> Problem to solve
Print the line containing "Forest Service overhaul", then every line after it through the end of the material, exactly as written and without pictures.

> Information provided
########################################

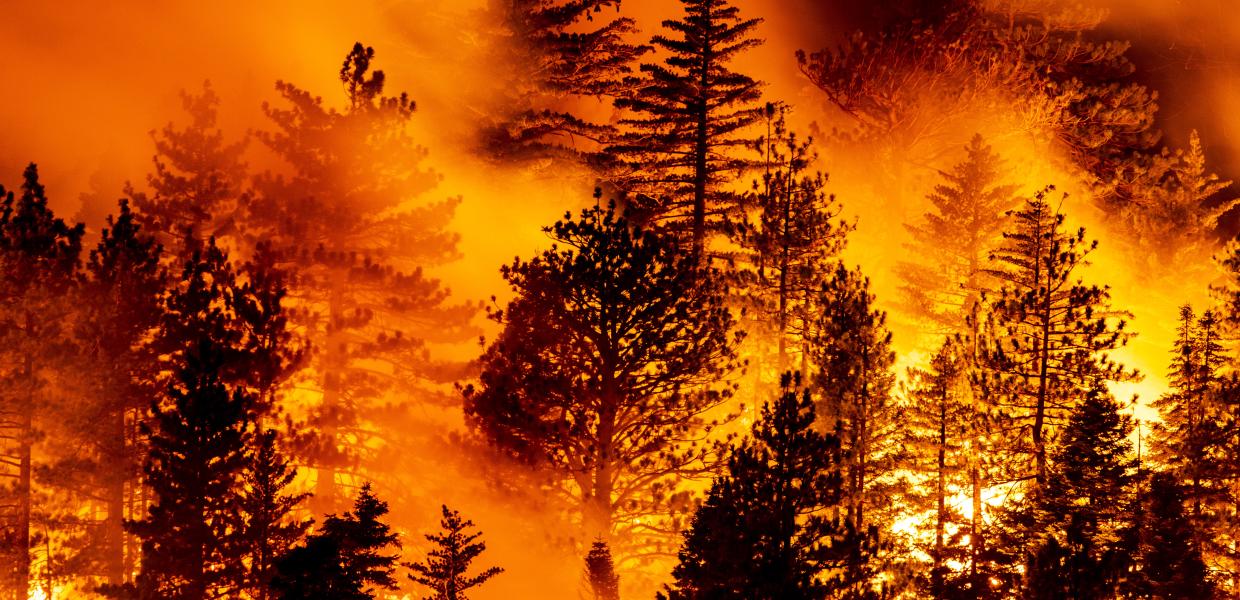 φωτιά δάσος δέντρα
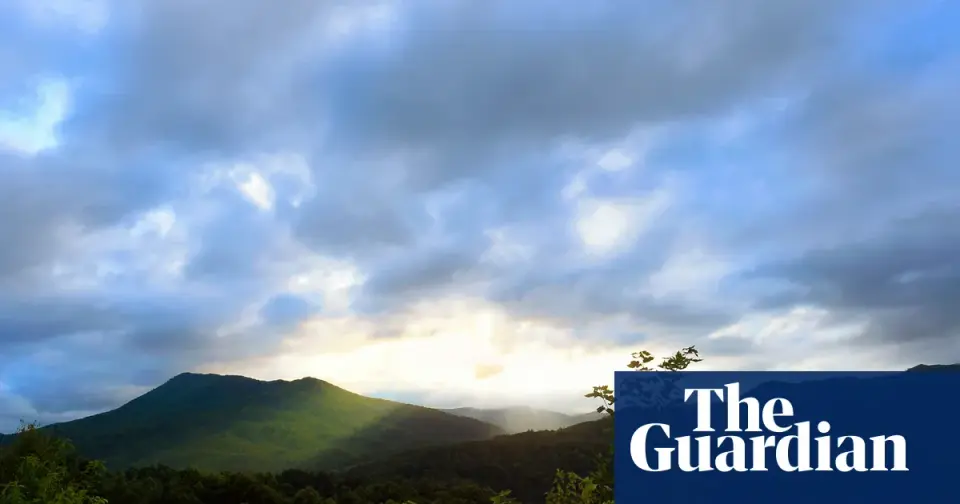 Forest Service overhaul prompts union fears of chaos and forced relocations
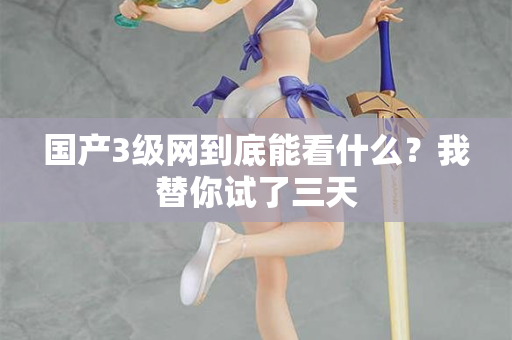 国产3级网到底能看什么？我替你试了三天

########################################

> Answer section
 Forest Service overhaul prompts union fears of chaos and forced relocations
 国产3级网到底能看什么？我替你试了三天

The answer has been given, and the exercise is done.